President Tusk’s Explanatory Remarks
President Tusk wrote to the members of the European Council on 17 October 2017, prior to their meeting on 19-20 October, setting out his proposals for the Leaders’ Agenda, under three guiding principles:
Based on my consultations, it is clear that, while delivering on what we agreed in Bratislava and Rome, there is also a willingness to reinvigorate and enrich our work, including by drawing on new ideas. In doing so, I would like us to be guided by three principles.
Firstly, we should focus on practical solutions to EU citizens’ real problems. This means changes – not just for the sake of change, but in order to bring back a sense of stability, security and predictability in people’s lives as well as faith in the future. Institutional innovation can in some cases be a means to an end, but we should be careful not to get bogged down in unnecessary institutional or theoretical debates.
Secondly, we should proceed step by step. Some matters are ripe for decisions now, and should therefore be dealt with straightaway, with speed, ambition and determination, so as to ensure real progress. Other matters will need to be further prepared, before we can debate them.
Thirdly, we should preserve the unity that we have managed to develop over the past year. We need this unity in order to solve the migration crisis, to tackle unfair aspects of globalisation, to deal with aggressive third countries, to limit the damage caused by Brexit as well as to preserve the rules-based international order in these difficult times. We can only confront today’s uncertainties if we act in unison, since individual countries are too small to cope with them on their own. Some might say that I am obsessed with unity, but I am deeply convinced – not only because of my job, but above all due to my personal experience – that European unity is our greatest strength.
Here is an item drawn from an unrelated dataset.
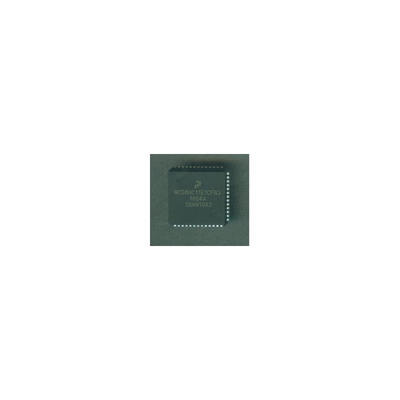 

10PCS MC68HC11E1CFN2 MC68HC11E1CFN3 MC68HC11E1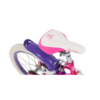 Bicicleta playera Smile rodado 20 - Stark - Imagen 3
Therefore, the overall framework for our decisions should continue to be in meetings with 27 or 28 Member States, depending on the subject. As we set out in the Rome Declaration, this approach does not prevent Member States moving forward more rapidly in specific areas, in accordance with the Treaties, while keeping the door open for those who want to join later. To be clear, unity cannot become an excuse for stagnation, but at the same time ambition cannot lead to divisions.